(Records supplied begins)

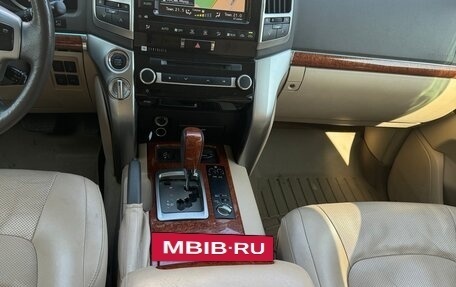 Toyota Land Cruiser 200, 2012 год, 3 550 000 рублей, 7 фотография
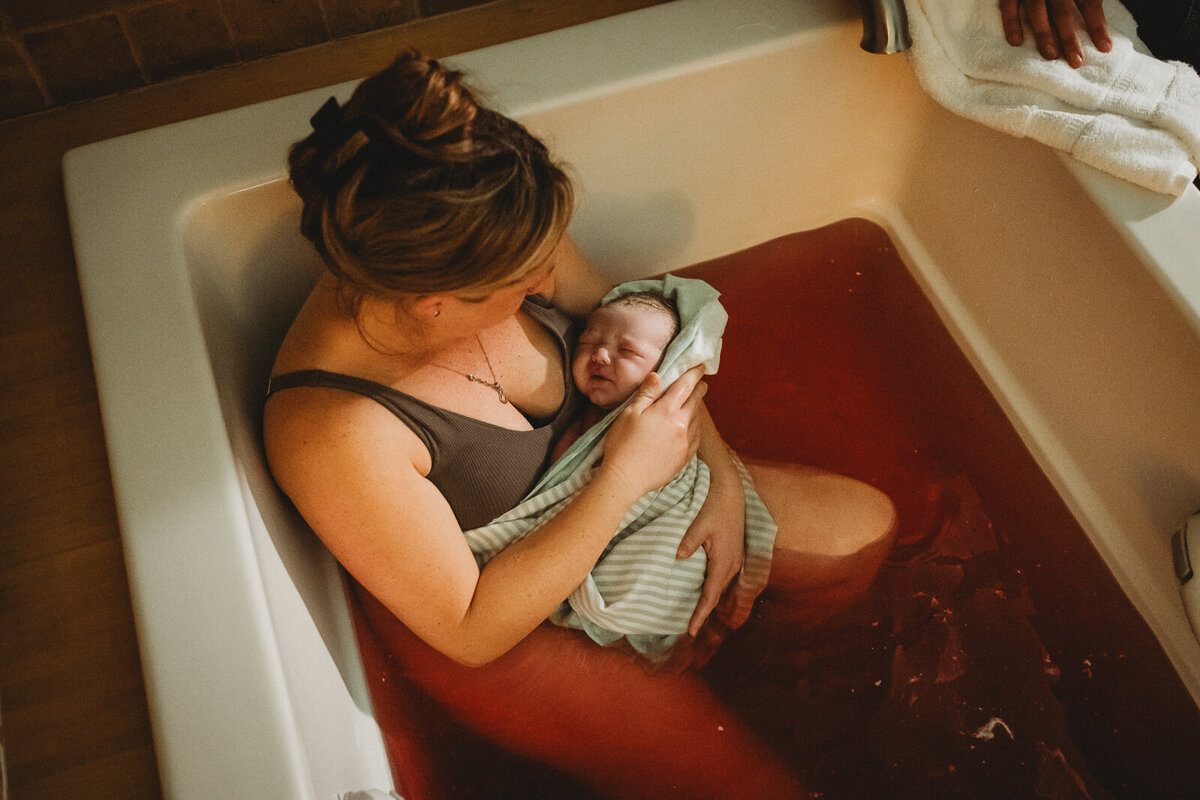 BestMichiganBirthPhotographer-45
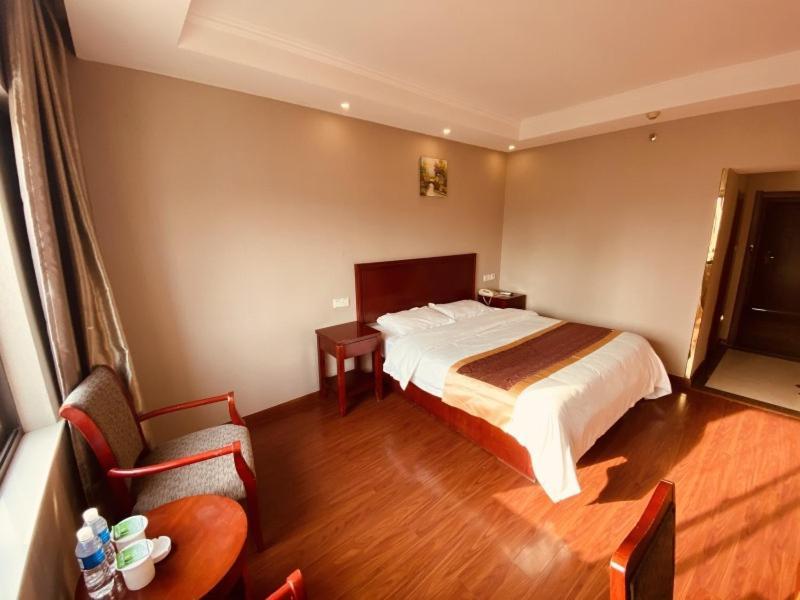 Greentree Inn Huai'An Bus Station Golden Eagle Xinya Huaihai Road Business Hotel Екстер'єр фото
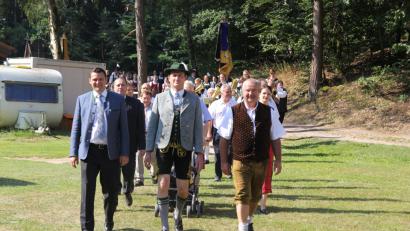 Bild: ral
Der Kirchenzug ist eingetroffen im Magdalenental: (von links) Landrat Thomas Ebeling Vorstand Andreas Schatz und Bürgermeister Josef Deichl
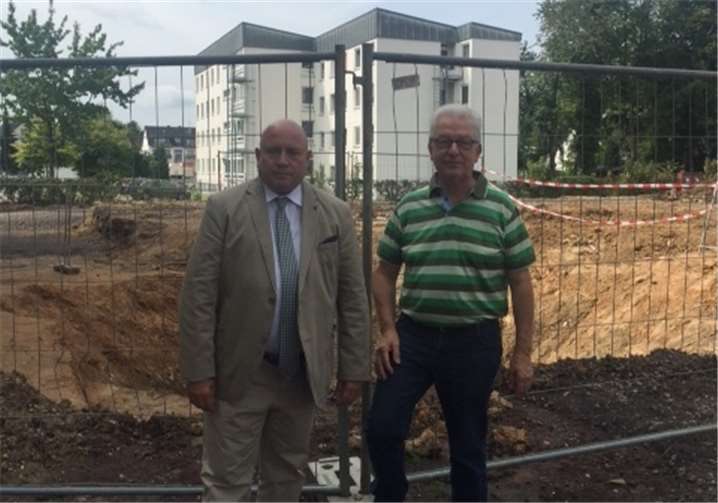 (V.l.) Leo Biewer und Manfred Bastian besichtigten die Baustelle.  Privat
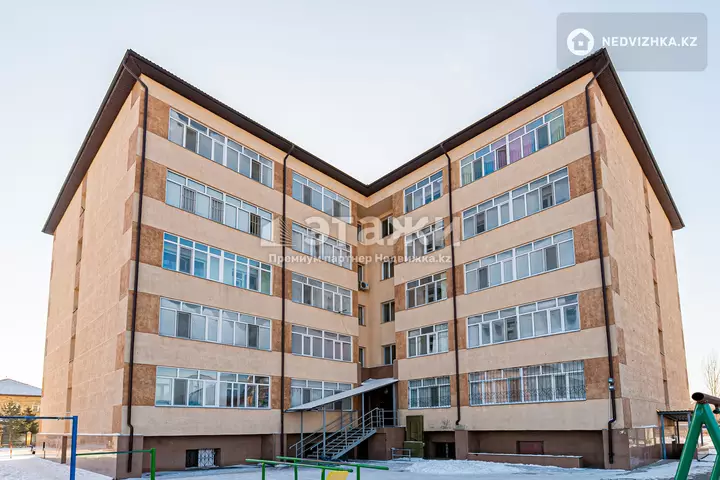 58.2 м², 1-комнатная квартира, этаж 4 из 5, 58 м², изображение - 1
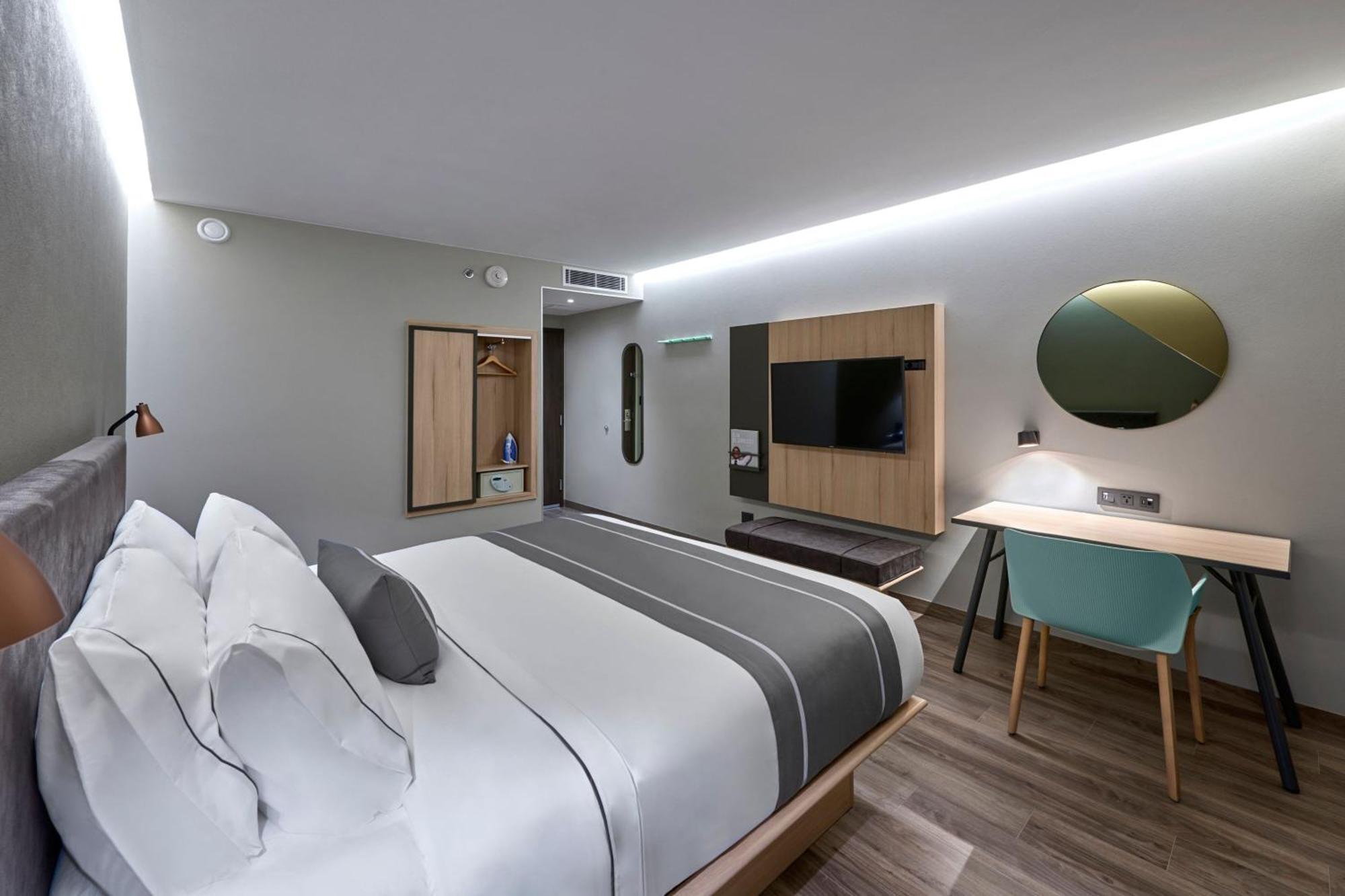 City Express Plus By Marriott Ensenada Buitenkant foto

(Records supplied ends)

> **Task item**: Skipping all images, output the listing exactly.

> **Output of the exercise**:
 Toyota Land Cruiser 200, 2012 год, 3 550 000 рублей, 7 фотография
 BestMichiganBirthPhotographer-45
 Greentree Inn Huai'An Bus Station Golden Eagle Xinya Huaihai Road Business Hotel Екстер'єр фото
 Bild: ral
Der Kirchenzug ist eingetroffen im Magdalenental: (von links) Landrat Thomas Ebeling Vorstand Andreas Schatz und Bürgermeister Josef Deichl
 (V.l.) Leo Biewer und Manfred Bastian besichtigten die Baustelle.  Privat
 58.2 м², 1-комнатная квартира, этаж 4 из 5, 58 м², изображение - 1
 City Express Plus By Marriott Ensenada Buitenkant foto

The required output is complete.